In the last four weeks, I’ve completed a weekly theory
session and three confined water (that’s swimming pool to you and me) dives and
I can’t wait to learn more. It helps that the guys at the dive centre I’m training
with know their stuff and make it enjoyable. As one of my instructors said the
other week, if you know how to have a laugh, it makes scuba diving all the more
fun, and this course has certainly provided a few good laughs so far, on dry
land and in the water, mainly at my expense. It’s a running joke in my family
that intelligence doesn’t equal common sense. I’ve provided hours of
unintentional entertainment with my Homer Simpson-inspired ‘doh’ moments.

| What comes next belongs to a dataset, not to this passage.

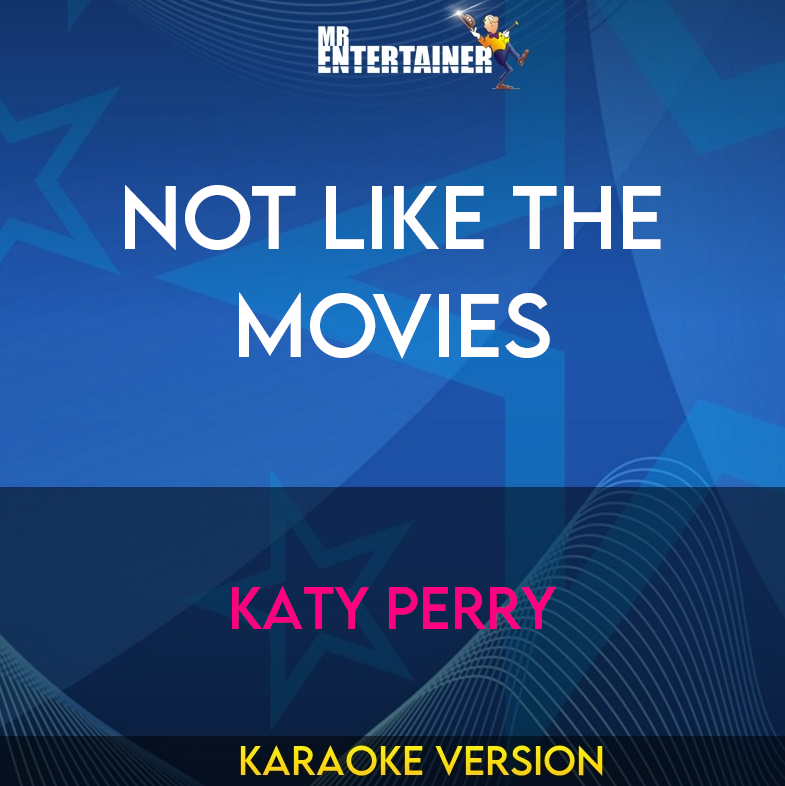 Not Like The Movies - Katy Perry (Karaoke Version) from Mr Entertainer Karaoke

Last week I spent half of the pool session upside down. In
my infinite wisdom I decided to test out my new (eBay-new) 7mm wetsuit. A
standard summer wetsuit is 3mm, a winter one 5mm, a 7mm is made for scuba
diving...in the sea, not in a swimming pool. The thicker the wetsuit the more
buoyant you are. In other words, you float, but in this case in an up, up and
away style. It’s fine when you’ve got an air tank on your back and weights on
to keep you down, not so much when you have to do an exercise where you remove
your Buoyancy Control Device (BCD) and put it back on again underwater. Cue
head down, flippers up (I know, flippers are for dolphins, scuba divers wear
‘fins’, but seriously – fins?), trying to put the jacket back on whilst
‘standing’ upside down. My classmate found out how hard it is to laugh underwater
with a regulator in your mouth whilst trying desperately not to choke that day.
A pre-requisite of the course is that you must be able to
swim 200 metres non-stop and float for 10 minutes on your back at the surface.
The 200 metres was by no means easy, even in a wetsuit, but the floating was a
different story altogether. This is where a thick wetsuit helps considerably –
you just lay back and think of...anyway, not that I knew it but 10 minutes
passed, I’m relaxed, I have my eyes closed, my ears are underwater, I’m being
tapped on the arm. I look up to four instructors lining the side of the pool
cheering my return to reality. It really is difficult to hear anything with
your ears underwater!
Misinterpretation is a good one for humour. The instructor
asked what I would do if I had a problem with my ear underwater. Only I thought
he’d said a problem with your ‘rear’. I spent the next few minutes chuckling
away to myself and had to ask for the question to be repeated before I could
attempt a remotely intelligible answer.
Everyone loves a bit of innuendo too. In my case it’s often
purely accidental. I had a problem with my regulator, so had to switch my
equipment for the instructor’s so it’d be easier for me to breath. ‘Get your
kit off’, he tells me, followed by an ‘in the nicest possible sense’. We traded
equipment and I couldn’t find the submersible pressure gauge which shows you
how much air you have left. The instructor handed it to me and, realising it’s
a lot smaller than the standard training ones, my response? - ‘You’ve got a
tiny one.’ I can’t say I twigged until I got a confused ‘excuse me?’ in return!
Foot in mouth, that’s me.
Oh, back on the 7mm wetsuit. They really are difficult to
put on. A friend advised (and I use the term advised in the loosest possible
sense) me that by putting plastic bags on my feet the wetsuit would slip on
easier. I think it helped slightly, but he didn’t tell me it’d be difficult to
remove the bags once you’d got it on. Some tugging later and I managed to pull
them out. Taking the wetsuit off at the end of the session was a lot easier.
One foot, two feet, carrier bag handle...yes, I had gone through the session
with the leftovers of the bag in my wetsuit.